Second, that conduct and behavior has tested and far exceeded the limits of any professional courtesy that may have been due to him. Mr. Brennan has a history that calls into question his objectivity and credibility. In 2014 for example, he denied to Congress that CIA officials under his supervision had improperly accessed the computer files of congressional staffers.
He told the Council on Foreign Relations that the CIA would never do such a thing. The CIA's Inspector General however contradicted Mr. Brennan directly, concluding unequivocally that agency officials had indeed improperly accessed congressional staffers files.
More recently, Mr. Brennan told Congress that the intelligence community did not make use of the so-called Steele dossier in an assessment regarding the 2016 election, an assertion contradicted by at least two other senior officials in the intelligence community and all of the facts.
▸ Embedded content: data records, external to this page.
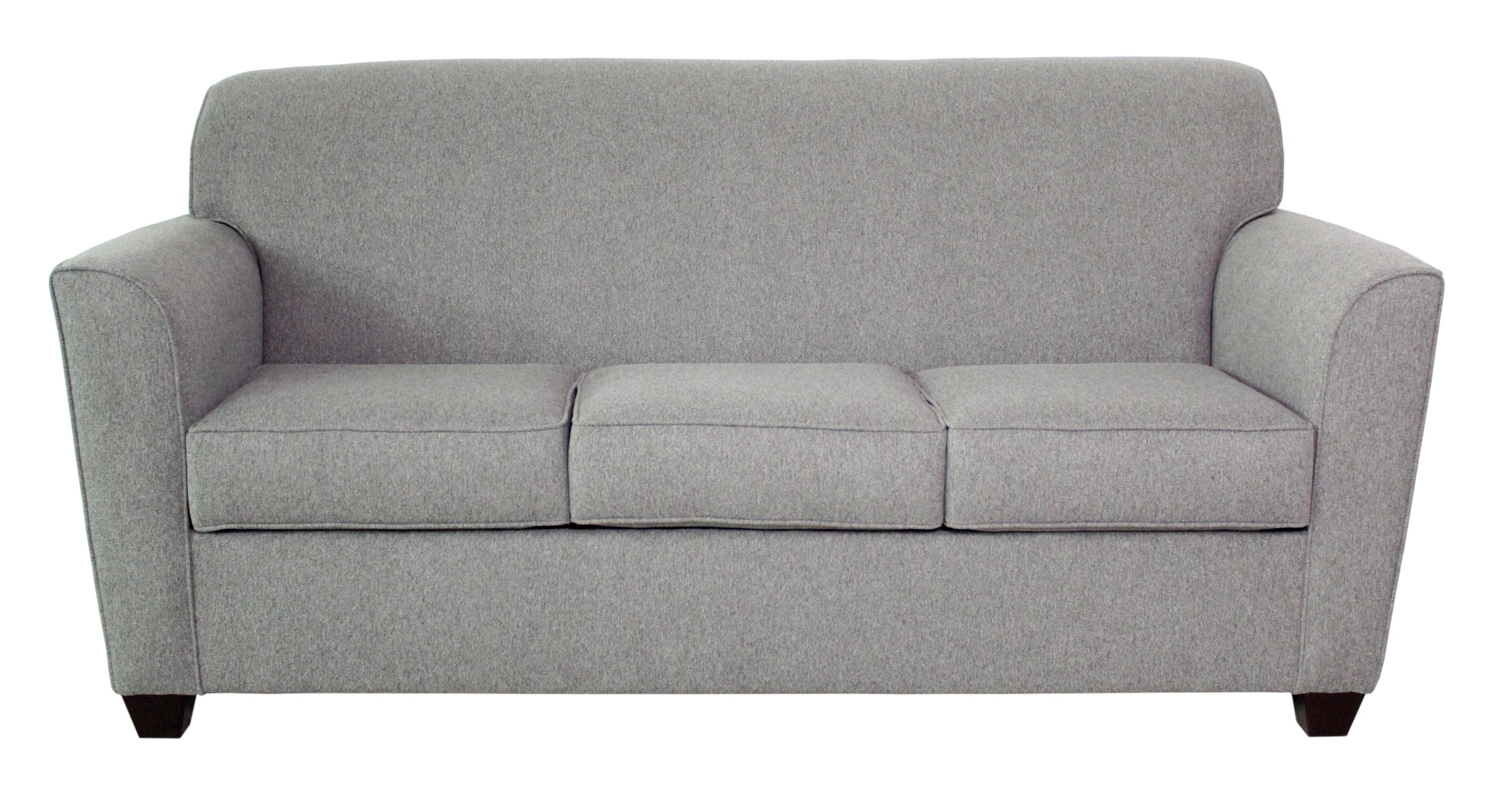 Maxwell deals mocha loveseat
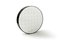 Grand Miroir de Table Centimetri par Studiocharlie pour Atipico 3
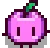 Junimo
Additionally, Mr. Brennan has recently leveraged his status as a former high-ranking official with access to highly sensitive information to make a series of unfounded and outrageous allegations, wild outbursts on the Internet and television about this administration.
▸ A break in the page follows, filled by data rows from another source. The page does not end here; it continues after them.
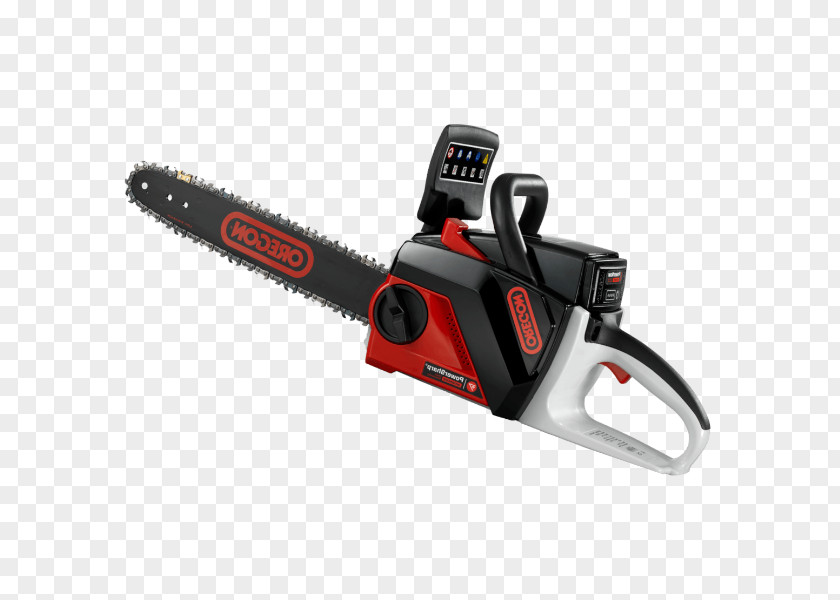 Outdoor Power Equipment Chainsaw Artikel Price Бензопила PNG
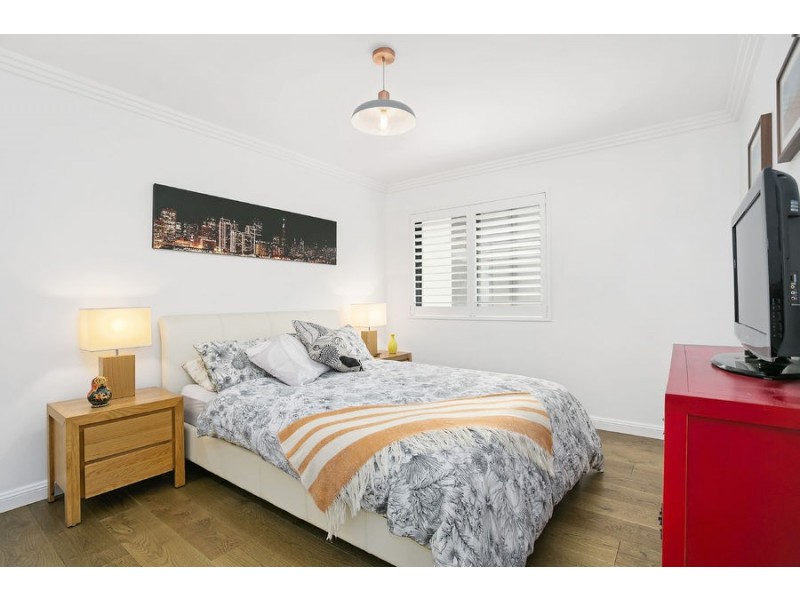 8/74-76 McLachlan Avenue, Rushcutters Bay NSW 2011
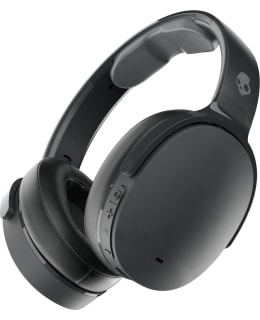 SKULLCANDY HESH ANC VM-KUULOKE MUSTA Main Image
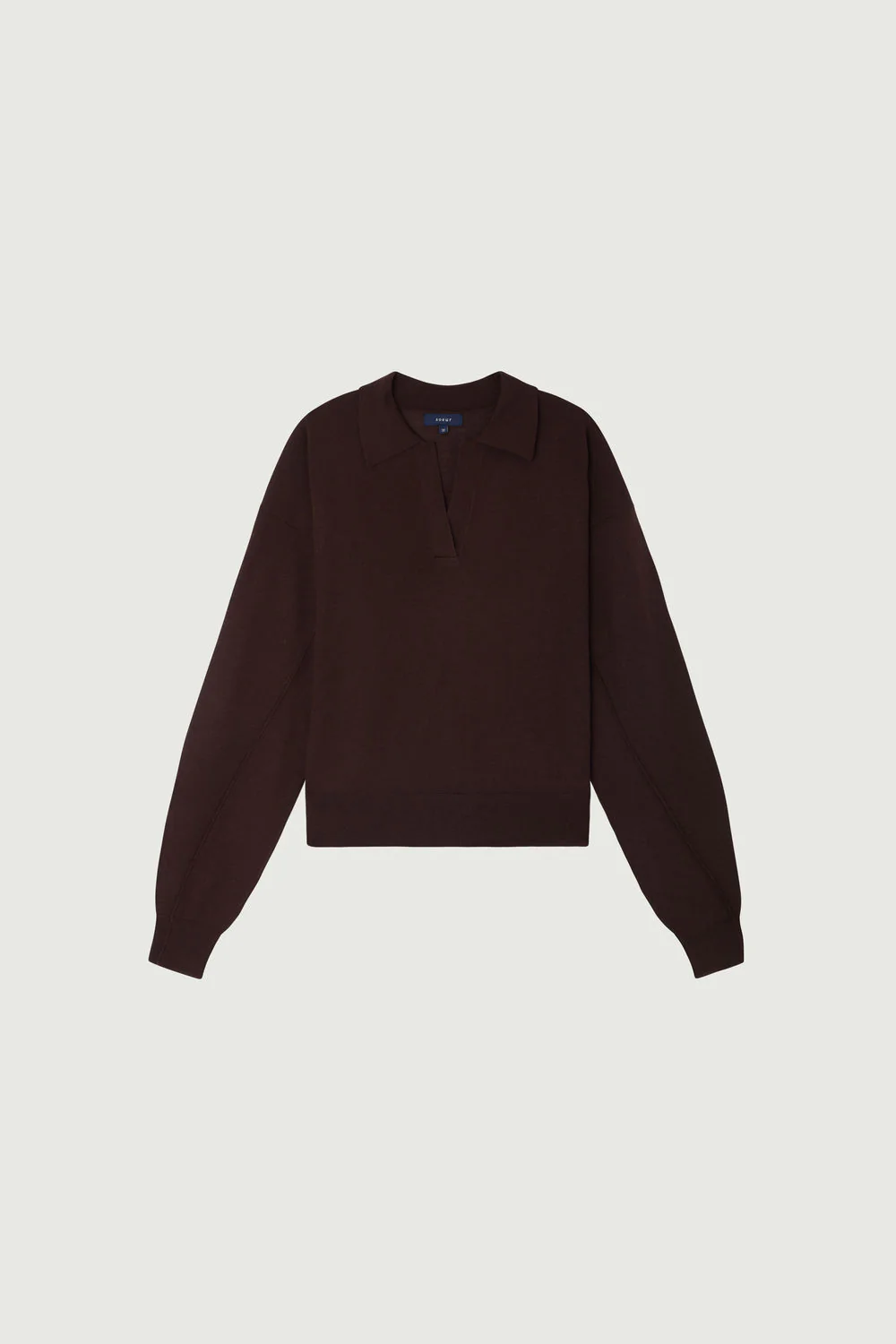 POLO FLEMING BROWN - Image 4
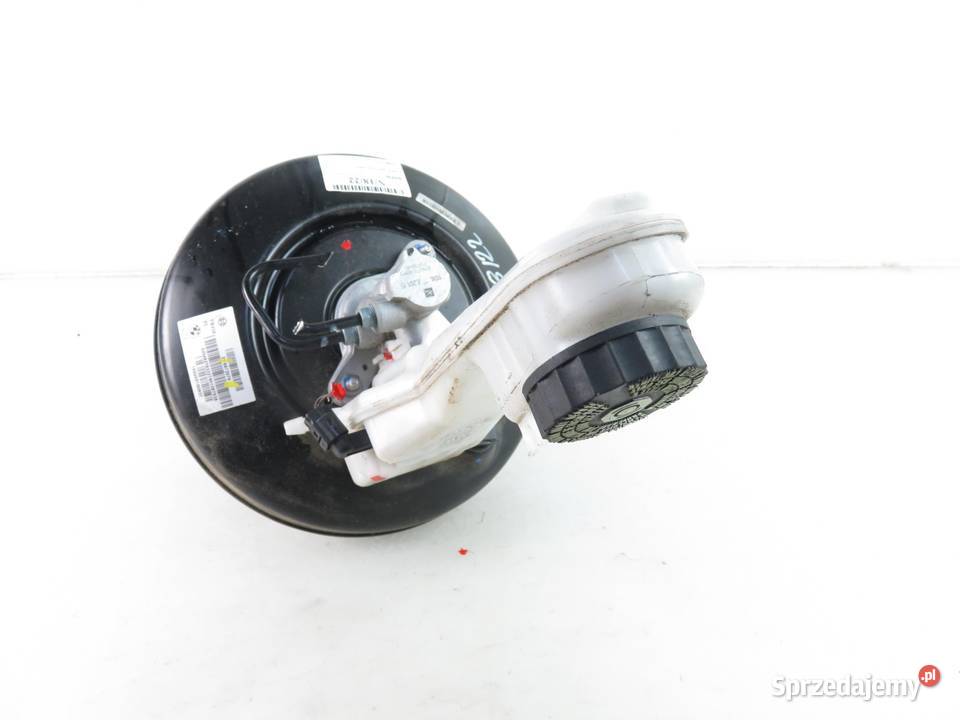SERWO POMPA BMW 2 F45 218 d 6872079 Pompy hamulcowe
Mr. Brennan's lying and recent conduct characterized by increasingly frenzied commentary is wholly inconsistent with access to the nation's most closely held secrets and facilities the very aim of our adversaries, which is to sow division and chaos.
More broadly, the issue of Mr. Brennan's security clearance raises larger questions about the practice of former officials maintaining access to our nation's most sensitive secrets long after their time in government has ended.
Such access is particularly inappropriate when former officials have transitioned into highly partisan positions and seek to use real or perceived access to sensitive information to validate their political attacks. Any access granted to our nation's secrets should be in furtherance of national, not personal interest.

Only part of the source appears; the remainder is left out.